The climate is very similar. There is a lag time between when we emit carbon dioxide from the burning of fossil fuels and when we see the effects of the subsequent warming. A lot of this has to do with the oceans, which store massive amounts of heat and slowly release it to the atmosphere. The warming we are seeing today is from fossil fuel emissions in decades past, and the actions we take today will not show up until decades in the future. Even if we bring global greenhouse gas emissions down to zero tomorrow, the world will continue to warm.
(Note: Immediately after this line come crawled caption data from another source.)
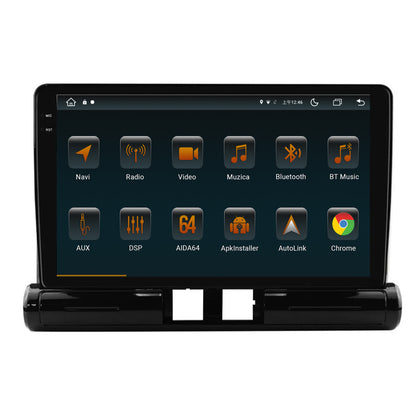 Navigatie Citroen C3 Low-V (2024+), Android, V-Octacore / 4GB RAM + 64GB ROM, 9.5 Inch - AD-BGV9004+AD-BGRKIT246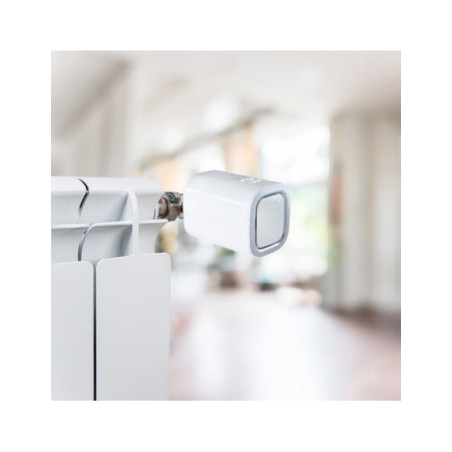 Shelly TRV - actuator termic WiFi pentru radiator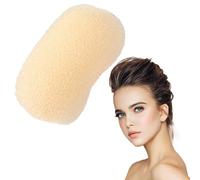 Invisible Clip | Sponge Clip Front Base,Increase Pad, Invisible Insert, Puff Head Cushion, Princess for Women Girls partially tousled look, it's perfect for those with thinnin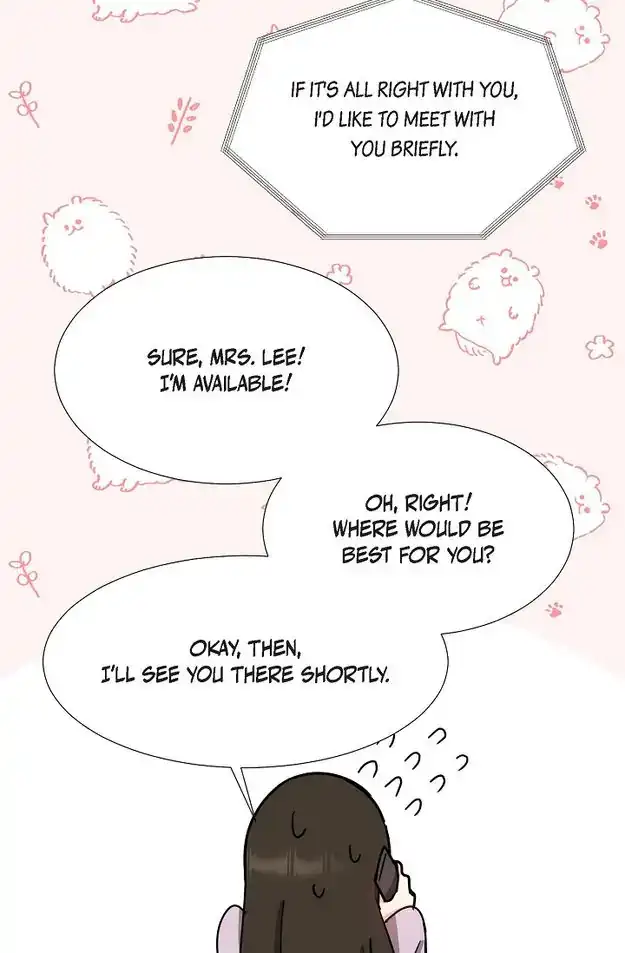 Fragrant Office Life Chapter 20 - page 53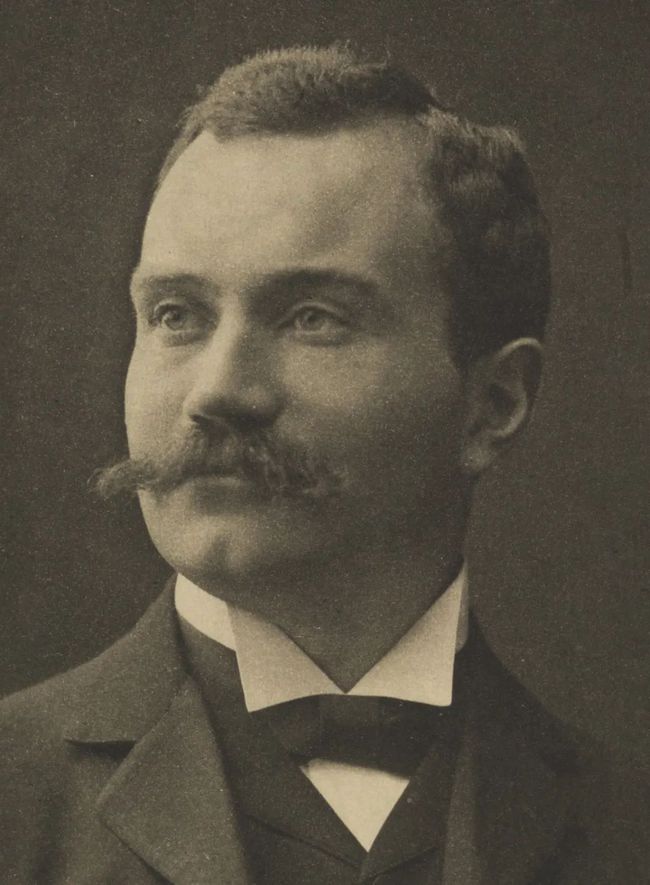安特生【Johan Gunnar Andersson,1874.7.3~1960.10.29】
Because CO2 emissions continue to rise year by year, and because governments have had little to no success addressing this problem, some scientists are beginning to think that we won’t be able to stop climate change in time. Another unfortunate aspect of the climate system is its non-linearity – there are hidden thresholds and “tipping points” which, if crossed, could trigger feedbacks that cause global warming to spin out of our control. The scientific community thinks that, once the world has warmed about 2 C from pre-industrial times, these tipping points and feedbacks will start to kick in. We have already warmed 0.8 C, and at least another 0.5 C is in the pipeline, even if we were to cut off all emissions tomorrow. You do the math. There’s not a lot of wiggle room, especially given the increasingly low chances of climate legislation being passed by the world’s governments.

So what happens if we’ve gone too far? Do we have no choice but to sit back and watch all hell break loose? In fact, there are other choices, but they could easily come with unexpected side effects that make our situation worse. Techniques known as “geoengineering”, in which radical technologies offset our influences on the earth’s climate, fall into two categories:

1) Counteracting the warming. Greenhouse gases such as carbon dioxide trap heat and cause the Earth to warm up, so we could introduce technologies that have a cooling effect on the Earth. By increasing the planet’s albedo (reflectivity), more of the Sun’s rays will bounce right off the Earth’s surface without being absorbed.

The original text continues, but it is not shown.